Planning application made for workshop, art gallery, accommodation and more at former Club Caprice

How it could look Photo vPPR Architects

Proposals for the transformation of the former Caprice nightclub in Cliftonville into a neon fabrication workshop, and multi-generational live-work unit have now been submitted to Thanet council.

Owner Kerry Ryan, who bought the site in 2019, plans to create a flexi-use site with an art gallery, art educational space, community space, wedding venue for hire, some residential accommodation on a temporary basis and use by artists in residence. There would also be 24 hour security guard presence during high value art exhibitions.

The combination of uses will create a new cultural space at the border of Margate where it meets Cliftonville, offering educational and career training opportunities. Each space is accessed via a different existing entrance.

Neon specialist Kerry Ryan at the former Club Caprice Photo Dave Stillman

Kerry, who comes from the Isle of Dogs in East London, creates neon installations for a host of clients and artists including Tracey Emin, Damien Hirst, Peter Saville and Cerith Wyn Evans.

Now the boss of Neon Specialists, which has bases in London and Miami, is creating the gallery and his studio in the original ballroom (later the nightclub, pool table and arcade areas) as well as the living space. Plans for a roof terrace were removed during the pre-application stage.

Kerry, who has five daughters, has been creating neons for more than 35 years and has worked for himself since he was 18.

Neon works by Kerry

He started out as an apprentice when he was 15. Talking to The Isle of Thanet News when he first bought the venue, Kerry said: “It was with Truman in Brick Lane. I was an apprentice in screen printing but they also had a neon department.

“I taught myself and  went to the London School of Print in the Elephant and Castle. I set up on my own when I was 18 and then children came along so I had to work even harder!

“I’ve always rented studio space in London but now I have bought (Club Caprice) I don’t have to do that anymore.
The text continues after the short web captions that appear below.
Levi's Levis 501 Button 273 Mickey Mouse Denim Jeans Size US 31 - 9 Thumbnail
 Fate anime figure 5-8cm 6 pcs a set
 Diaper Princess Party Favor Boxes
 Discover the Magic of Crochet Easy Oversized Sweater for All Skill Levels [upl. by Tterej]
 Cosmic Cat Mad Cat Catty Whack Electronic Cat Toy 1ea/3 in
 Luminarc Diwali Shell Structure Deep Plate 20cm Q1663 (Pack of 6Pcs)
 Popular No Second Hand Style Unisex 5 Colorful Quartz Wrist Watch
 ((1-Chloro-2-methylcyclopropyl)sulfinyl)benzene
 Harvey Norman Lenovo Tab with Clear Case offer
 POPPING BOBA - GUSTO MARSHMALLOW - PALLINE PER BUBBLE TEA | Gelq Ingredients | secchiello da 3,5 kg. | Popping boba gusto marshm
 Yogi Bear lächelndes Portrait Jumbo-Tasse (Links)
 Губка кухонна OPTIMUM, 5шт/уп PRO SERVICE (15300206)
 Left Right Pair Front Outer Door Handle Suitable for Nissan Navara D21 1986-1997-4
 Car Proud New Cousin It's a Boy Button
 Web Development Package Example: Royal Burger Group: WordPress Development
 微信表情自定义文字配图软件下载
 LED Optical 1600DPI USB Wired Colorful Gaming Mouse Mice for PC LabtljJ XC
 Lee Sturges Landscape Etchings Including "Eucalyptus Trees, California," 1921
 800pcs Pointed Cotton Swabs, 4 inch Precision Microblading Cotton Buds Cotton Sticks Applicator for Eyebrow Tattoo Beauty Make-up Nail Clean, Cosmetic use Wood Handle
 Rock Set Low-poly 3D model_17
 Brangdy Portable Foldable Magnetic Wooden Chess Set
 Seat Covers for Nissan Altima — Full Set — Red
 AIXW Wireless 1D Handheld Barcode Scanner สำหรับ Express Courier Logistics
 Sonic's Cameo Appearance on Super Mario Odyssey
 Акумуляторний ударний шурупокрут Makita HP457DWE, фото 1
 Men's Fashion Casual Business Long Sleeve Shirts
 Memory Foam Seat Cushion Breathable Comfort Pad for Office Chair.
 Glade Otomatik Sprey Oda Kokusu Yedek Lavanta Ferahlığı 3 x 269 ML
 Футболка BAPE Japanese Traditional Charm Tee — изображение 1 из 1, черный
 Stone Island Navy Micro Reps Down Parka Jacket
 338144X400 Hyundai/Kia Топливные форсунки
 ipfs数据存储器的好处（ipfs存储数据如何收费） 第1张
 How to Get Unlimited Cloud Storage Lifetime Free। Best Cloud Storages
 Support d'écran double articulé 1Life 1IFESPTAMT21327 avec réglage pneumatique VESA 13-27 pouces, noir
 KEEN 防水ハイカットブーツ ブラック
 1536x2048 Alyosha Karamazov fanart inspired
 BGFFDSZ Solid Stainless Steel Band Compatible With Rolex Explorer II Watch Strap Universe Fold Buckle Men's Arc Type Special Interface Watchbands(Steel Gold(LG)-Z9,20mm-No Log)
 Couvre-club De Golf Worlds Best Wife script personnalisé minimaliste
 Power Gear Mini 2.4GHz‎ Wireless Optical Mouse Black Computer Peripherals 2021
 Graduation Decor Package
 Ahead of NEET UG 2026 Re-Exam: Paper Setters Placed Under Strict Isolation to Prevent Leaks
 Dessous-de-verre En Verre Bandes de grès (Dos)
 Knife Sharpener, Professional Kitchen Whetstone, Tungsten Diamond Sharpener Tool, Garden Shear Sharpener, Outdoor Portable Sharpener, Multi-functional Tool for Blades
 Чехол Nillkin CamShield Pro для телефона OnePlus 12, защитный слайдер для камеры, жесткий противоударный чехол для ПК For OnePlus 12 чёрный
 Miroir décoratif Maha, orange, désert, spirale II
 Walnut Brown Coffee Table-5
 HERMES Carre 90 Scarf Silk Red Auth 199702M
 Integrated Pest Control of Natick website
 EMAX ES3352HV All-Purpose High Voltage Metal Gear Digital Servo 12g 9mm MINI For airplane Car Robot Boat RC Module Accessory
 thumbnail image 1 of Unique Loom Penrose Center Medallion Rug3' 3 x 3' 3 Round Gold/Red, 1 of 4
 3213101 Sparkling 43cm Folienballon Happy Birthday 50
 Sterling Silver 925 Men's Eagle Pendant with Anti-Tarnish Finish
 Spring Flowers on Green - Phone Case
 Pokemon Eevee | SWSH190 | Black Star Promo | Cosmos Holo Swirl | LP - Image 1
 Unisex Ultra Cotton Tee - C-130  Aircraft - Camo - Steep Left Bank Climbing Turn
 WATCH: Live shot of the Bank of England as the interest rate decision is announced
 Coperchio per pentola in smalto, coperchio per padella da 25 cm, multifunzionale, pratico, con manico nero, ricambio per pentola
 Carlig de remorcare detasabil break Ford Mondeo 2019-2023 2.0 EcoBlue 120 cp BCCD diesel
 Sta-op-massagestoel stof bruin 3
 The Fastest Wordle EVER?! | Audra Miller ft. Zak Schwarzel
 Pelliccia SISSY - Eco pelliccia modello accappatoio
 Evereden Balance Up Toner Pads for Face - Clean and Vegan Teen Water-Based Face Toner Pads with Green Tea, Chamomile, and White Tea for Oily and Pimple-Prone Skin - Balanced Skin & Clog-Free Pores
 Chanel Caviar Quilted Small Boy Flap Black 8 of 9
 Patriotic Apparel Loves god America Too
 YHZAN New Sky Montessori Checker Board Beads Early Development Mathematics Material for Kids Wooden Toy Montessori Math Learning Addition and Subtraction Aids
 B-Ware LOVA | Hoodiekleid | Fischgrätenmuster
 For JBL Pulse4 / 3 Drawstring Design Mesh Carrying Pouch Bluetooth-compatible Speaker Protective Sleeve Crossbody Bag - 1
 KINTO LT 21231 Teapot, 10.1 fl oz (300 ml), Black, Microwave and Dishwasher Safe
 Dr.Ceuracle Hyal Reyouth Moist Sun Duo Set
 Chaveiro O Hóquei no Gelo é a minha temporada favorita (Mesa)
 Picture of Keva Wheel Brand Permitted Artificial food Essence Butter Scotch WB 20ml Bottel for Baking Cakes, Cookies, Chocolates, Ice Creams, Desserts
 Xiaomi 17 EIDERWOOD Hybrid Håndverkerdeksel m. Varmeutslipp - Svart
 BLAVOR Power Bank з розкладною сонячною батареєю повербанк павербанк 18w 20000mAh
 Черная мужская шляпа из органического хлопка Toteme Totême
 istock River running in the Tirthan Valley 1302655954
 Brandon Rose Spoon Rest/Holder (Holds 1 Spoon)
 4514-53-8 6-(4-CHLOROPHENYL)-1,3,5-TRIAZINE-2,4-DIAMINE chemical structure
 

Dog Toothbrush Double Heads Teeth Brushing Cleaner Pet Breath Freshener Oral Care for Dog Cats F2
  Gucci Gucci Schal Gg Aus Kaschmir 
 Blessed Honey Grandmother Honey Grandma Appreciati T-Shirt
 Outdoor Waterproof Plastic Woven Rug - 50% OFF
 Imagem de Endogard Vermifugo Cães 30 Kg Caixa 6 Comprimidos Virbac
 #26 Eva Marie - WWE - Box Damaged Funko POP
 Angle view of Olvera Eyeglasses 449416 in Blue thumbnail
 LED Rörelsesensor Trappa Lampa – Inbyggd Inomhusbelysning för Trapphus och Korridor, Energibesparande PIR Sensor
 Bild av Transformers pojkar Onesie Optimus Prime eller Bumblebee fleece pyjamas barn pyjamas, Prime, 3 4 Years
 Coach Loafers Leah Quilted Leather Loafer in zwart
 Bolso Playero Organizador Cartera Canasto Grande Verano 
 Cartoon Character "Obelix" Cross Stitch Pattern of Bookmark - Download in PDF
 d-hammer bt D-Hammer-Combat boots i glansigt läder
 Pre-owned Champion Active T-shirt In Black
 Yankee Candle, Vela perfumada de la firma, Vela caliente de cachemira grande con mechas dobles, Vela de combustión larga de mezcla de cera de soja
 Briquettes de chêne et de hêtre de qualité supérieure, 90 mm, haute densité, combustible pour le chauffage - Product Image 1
Kerry’s family at the site

“I used to come to Margate when I was a kid and always remember the doughnut stand at Bem Boms. From ten years ago to now there has been a transformation in Margate, it has become a New York city from a down town hood.

“I have friends here and am meeting more people here all the time.

“The main reason I bought it is for the view and the sea. I will have a studio looking straight over that and can just go out my door and go swimming in the sea.”

The first neon sign at Turner Contemporary was also made by Kerry for artist Sir Michael Craig-Martin.

Neon installation at the former ArtGame

In November 2019 Kerry exhibited a stunning neon light display and video installation at the former Artgame gallery in Margate’s Marine Drive as part of a six month residency.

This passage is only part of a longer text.